This is what I do, but your situation might vary.
- Meet with the project manager (PM) to learn the following:
- software business cases (What problems does it solve?)
- doc needs (User guide? Release notes? Admin guide?)
- doc audience (External customers? Internal business units?)
- estimated deployment dates to Quality Assurance (QA) and production environments
- name of the lead developer
- Ensure the PM adds you to any project meetings or Agile ceremonies.
- Ask the lead developer for access to the software’s development environment. Ensure they’re okay with you playing hard with it.
- Write chapter and section headings for tasks based on the business cases. Start them with verbs (“Add a user”) and organize them into a logical process flow.
- Play hard with the software. Note any bugs, misspellings, confusing user interface elements, etc., and pass them on to the lead developer.

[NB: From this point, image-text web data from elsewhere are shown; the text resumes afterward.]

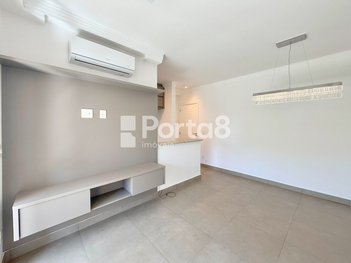 apartment em Rua Ipiranga, Santos Dumont - São José do Rio Preto - SP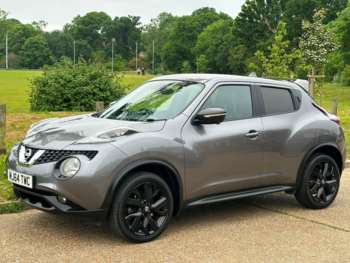 2014 (64) - 1.6 DiG-T Tekna 5dr
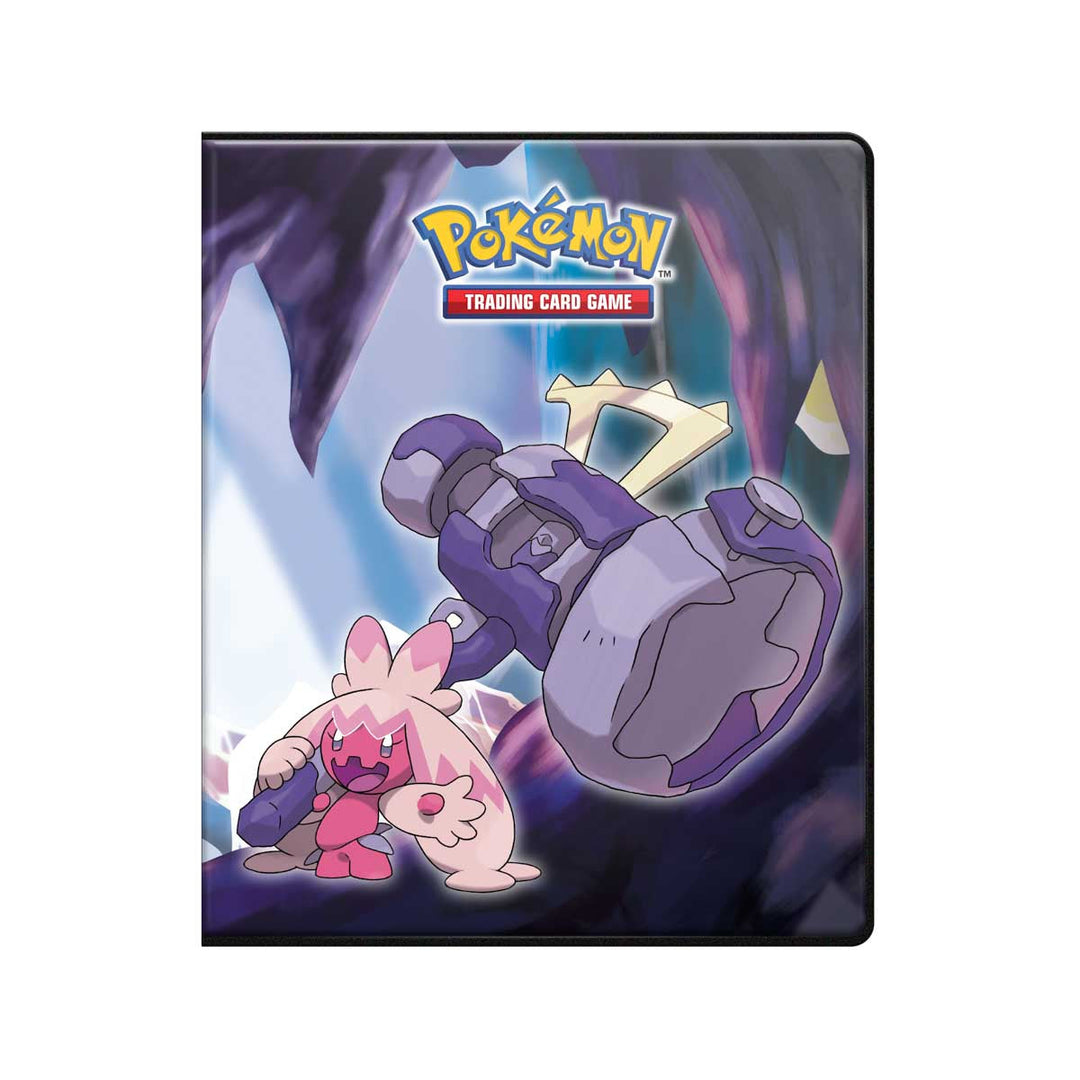 Tinkaton 9-Pocket Portfolio for Pokémon (Ultra PRO)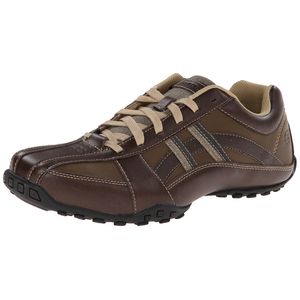 Skechers Men's Citywalk Malton Oxford Sneaker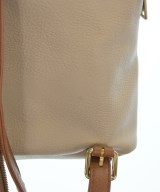 GUSCIO（グッシオ）ショルダーバッグ ベージュ サイズ:- レディース/2200629885028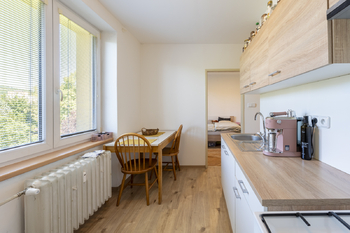 Pronájem bytu 2+1 v osobním vlastnictví 58 m², Vsetín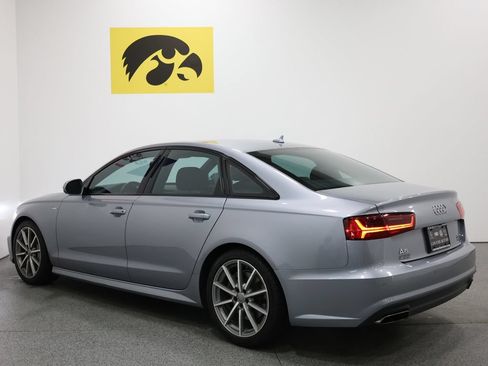 Used 2018 Audi A6 3.0T Prestige w/ Prestige Package AWD/4WD image 9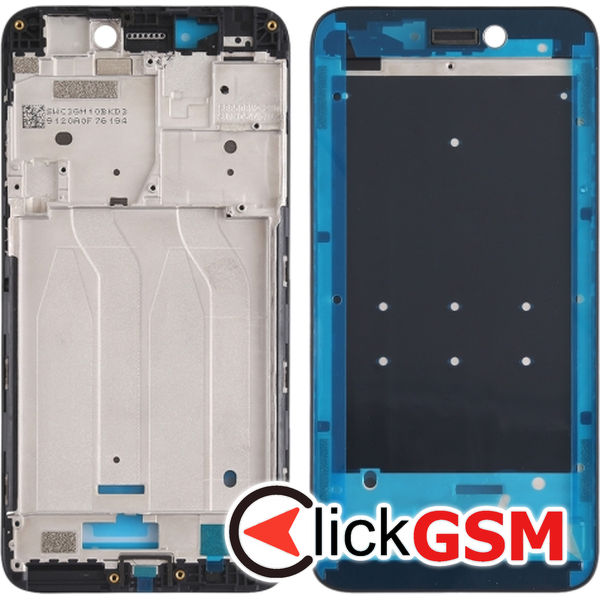 Piesa Rama Display Negru Xiaomi Redmi Go 25ol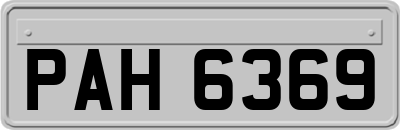 PAH6369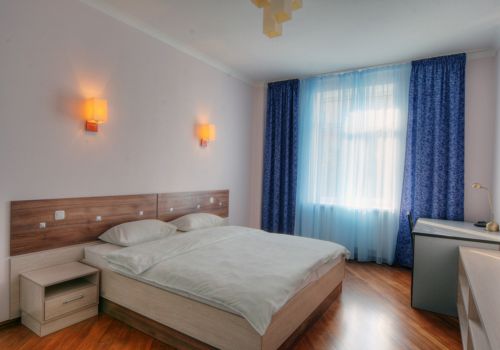Kiev 1 bedroom  luxury apartment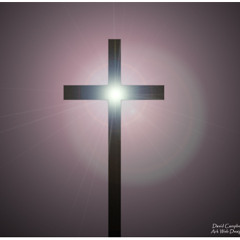 Christ Be Our Light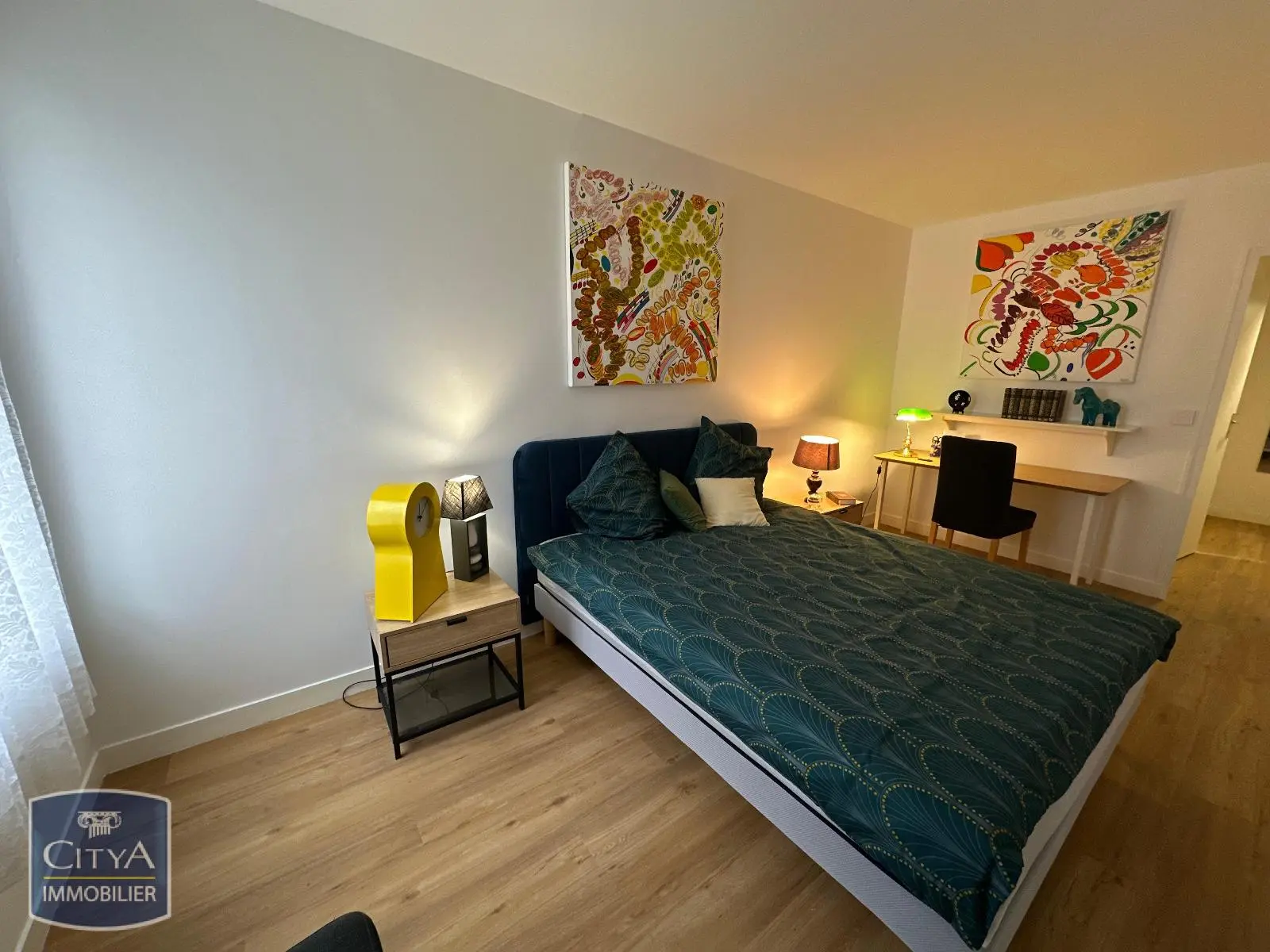 Photo 3 Appartement 2 pièces 61.02m²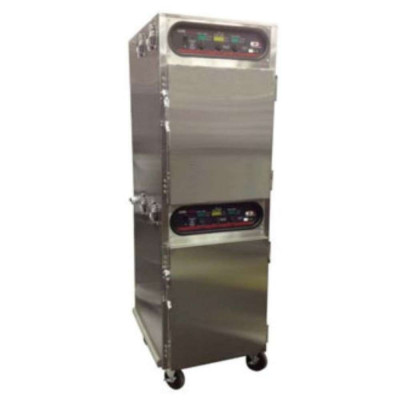 Carter-Hoffmann CH800 Half-Size Cook and Hold Oven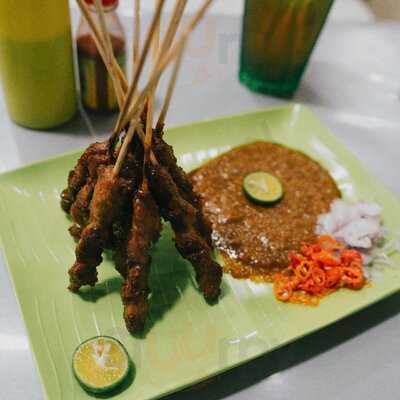Sate Dewi Sri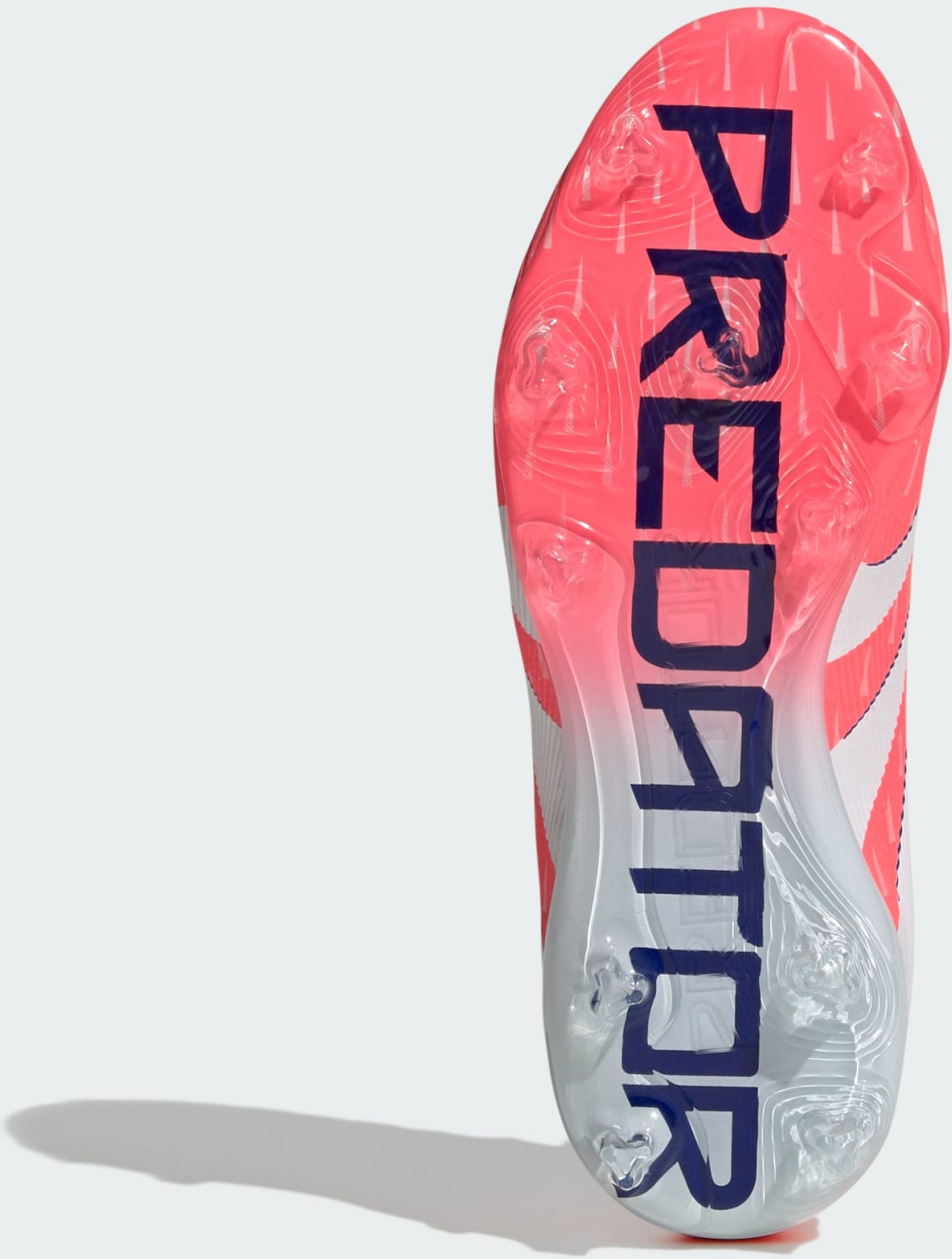 ADIDAS, Adidas Predator Elite Laceless Firm Ground Fotbollsskor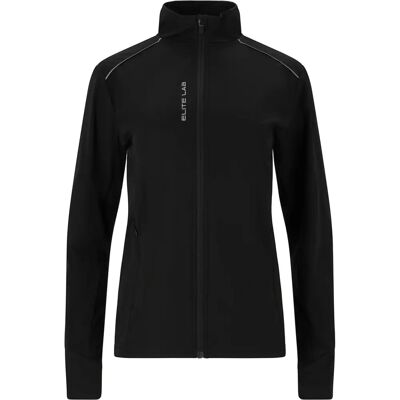 ELITE LAB Heat Damen Laufjacke - Laufjacke ELITE LAB Heat Damen Laufjacke - Laufjacke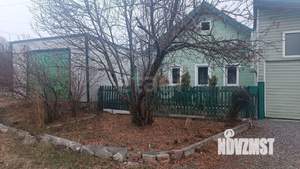 Дом 94м², 1-этажный, участок 9 сот.  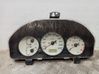 Speedometer (instrument cluster) CB87A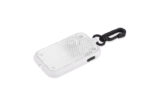 Luminous pendant LITTO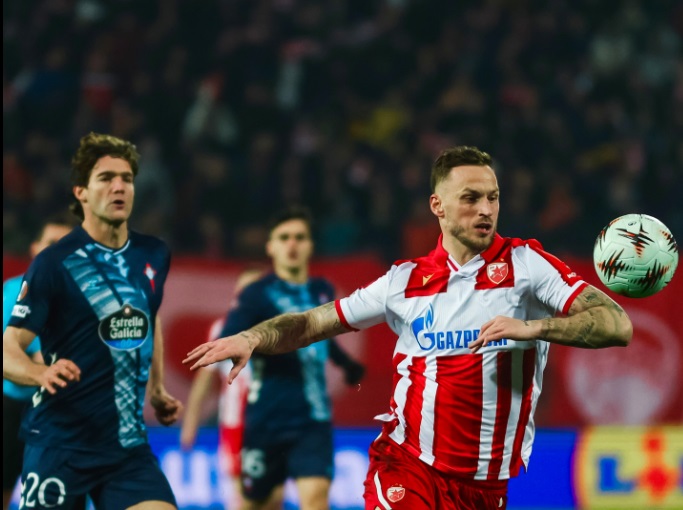 Црвена Звезда ќе се судри со Лил, а Динамо Загреб ќе се пресмета против Генк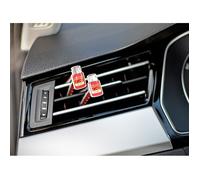 Yankee Candle | Car Jar | Cerise griotte | Pour voitures et petits espaces à la maison | Jusqu'à 30 jours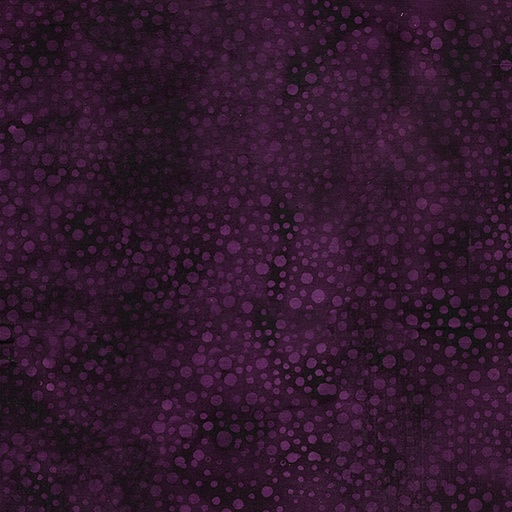 [112336480] Purple Wine Dot
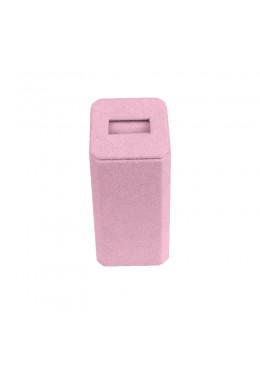 EXPOSITOR SORTIJA 36x36x77mm. CD-S103-MF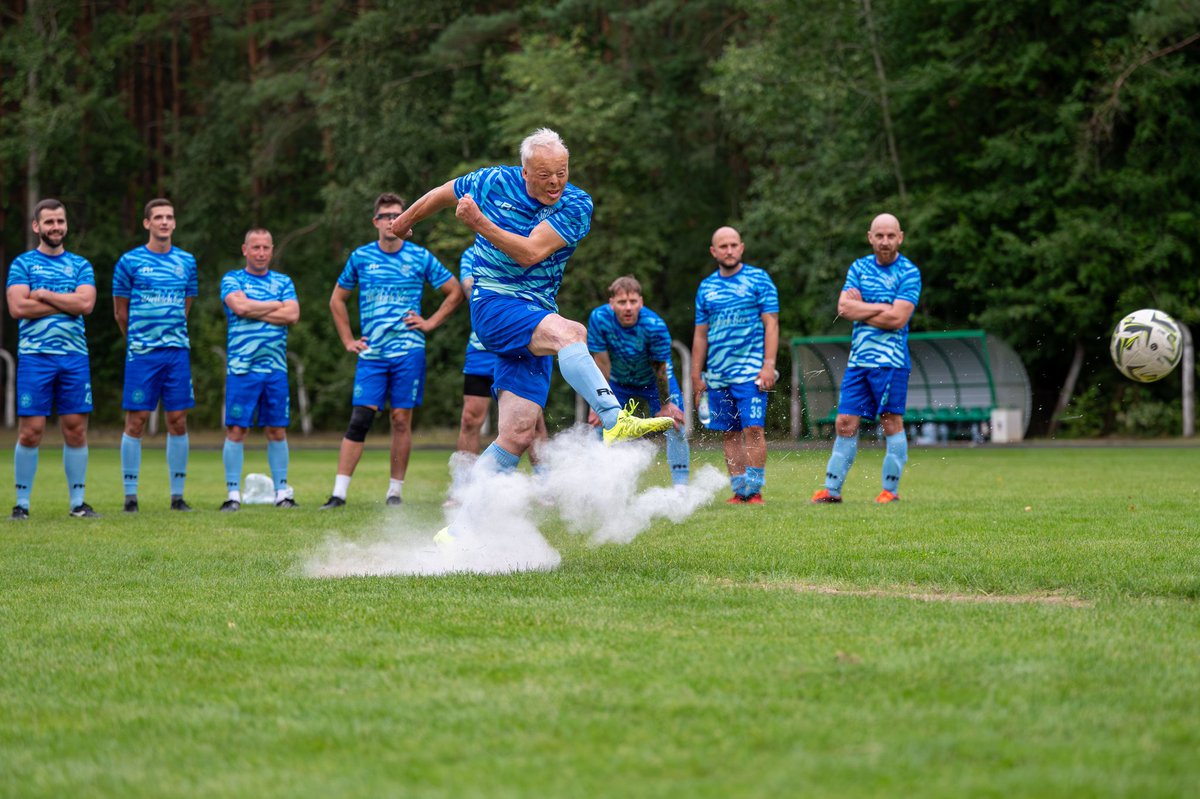 DruzynaWS's tweet photo. Mecz w Prostkach to już tylko miłe wspomnienie, ktore uchwycił swoim obiektywem Rafał Samsel - Fotografia Sportowa ! Oto przedsmak pełnej fotoleracji, która pojawi się u nas niebawem 🔥 https://t.co/wGMEdpl4gt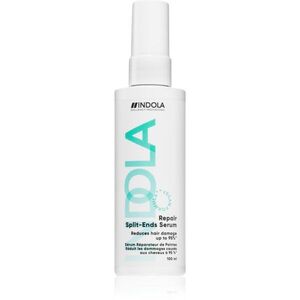 Indola Repair Split- Ends Serum szérum a hajra a töredezett hajvégekre 100 ml kép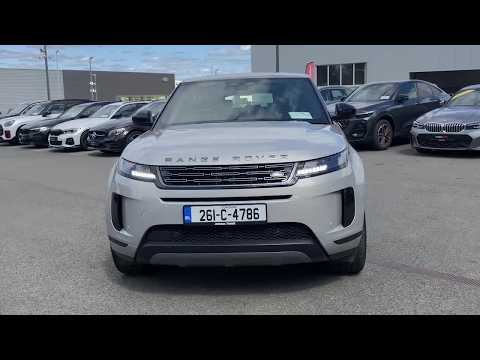 Land Rover Range Rover Evoque 1.5 I3 PHEV 269 PS S - Image 2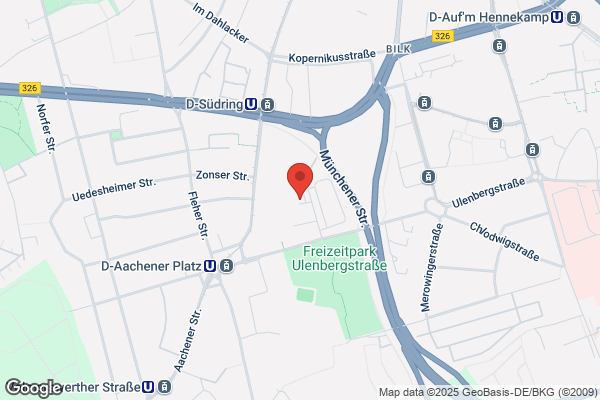 LaserTag Evolution Düsseldorf
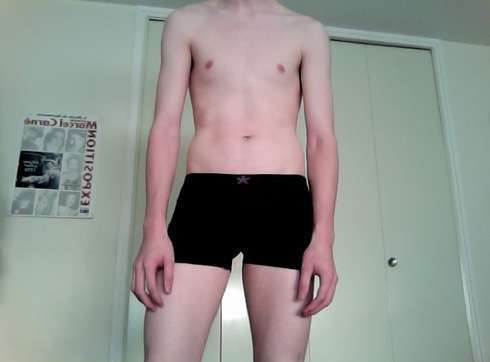 Camisling - Homme BDSM - Paris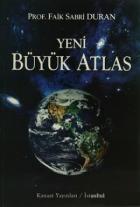 Kanaat Yeni Büyük Atlas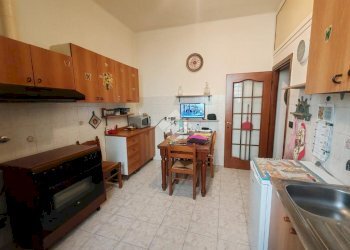 Quadrilocale Via del Campasso, Genova (zona Sampierdarena) - foto 1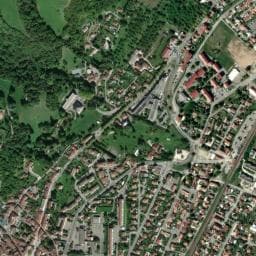 Vue de Refuge/Abri — Tullins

- Write the steps needed to complete each task. Start each step with a verb (“Click Add User” or “Type the user’s name”).
- Complete a review draft 1-2 weeks before QA deployment and send it to the project manager and lead developer for review.
- Edit the draft as needed and obtain sign-off from the PM and lead developer.
- Send it to the QA team as a reference for their testing. Update the document with changes that come out of QA.
- Publish the document with production deployment.
- In a perfect world, all these steps flow smoothly and the project finishes on time. But we do not live in a perfect world and I’ve never had a project flow smoothly. Dates will be missed, review requests will be ignored, changes will be implemented without you knowing. So the most important step of all: Keep calm, adapt, and carry on.